Important Regex Concept: Greediness
The question mark is the first metacharacter introduced by this tutorial that is greedy. The question mark gives the regex engine two choices: try to match the part the question mark applies to, or do not try to match it. The engine always tries to match that part. Only if this causes the entire regular expression to fail, will the engine try ignoring the part the question mark applies to.
The effect is that if you apply the regex Feb 23(rd)?
to the string Today is Feb 23rd, 2003
, the match is always Feb 23rd
and not Feb 23
. You can make the question mark lazy (i.e. turn off the greediness) by putting a second question mark after the first.
The discussion about the other repetition operators has more details on greedy and lazy quantifiers.

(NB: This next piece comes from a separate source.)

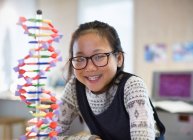 Portrait smiling, confident girl student next to DNA model in classroom — Stock Photo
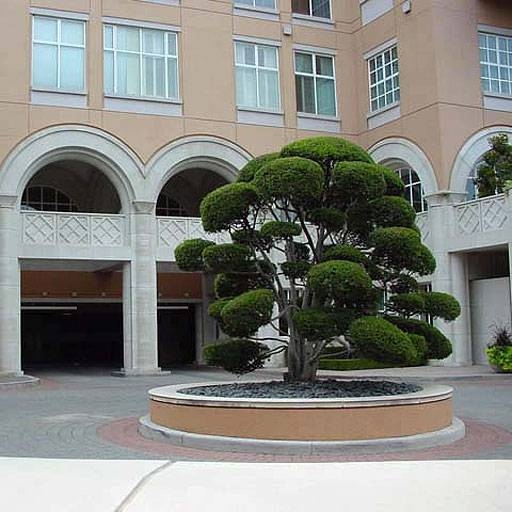 The Mansion Residences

Looking Inside The Regex Engine
Let’s apply the regular expression colou?r
to the string The colonel likes the color green
.
The first token in the regex is the literal c
. The first position where it matches successfully is the c
in colonel
. The engine continues, and finds that o
matches o
, l
matches l
and another o
matches o
. Then the engine checks whether u
matches n
. This fails. However, the question mark tells the regex engine that failing to match u
is acceptable. Therefore, the engine skips ahead to the next regex token: r
. But this fails to match n
as well. Now, the engine can only conclude that the entire regular expression cannot be matched starting at the c
in colonel
. Therefore, the engine starts again trying to match c
to the first o in colonel
.
After a series of failures, c
matches the c
in color
, and o
, l
and o
match the following characters. Now the engine checks whether u
matches r
. This fails. Again: no problem. The question mark allows the engine to continue with r
. This matches r
and the engine reports that the regex successfully matched color
in our string.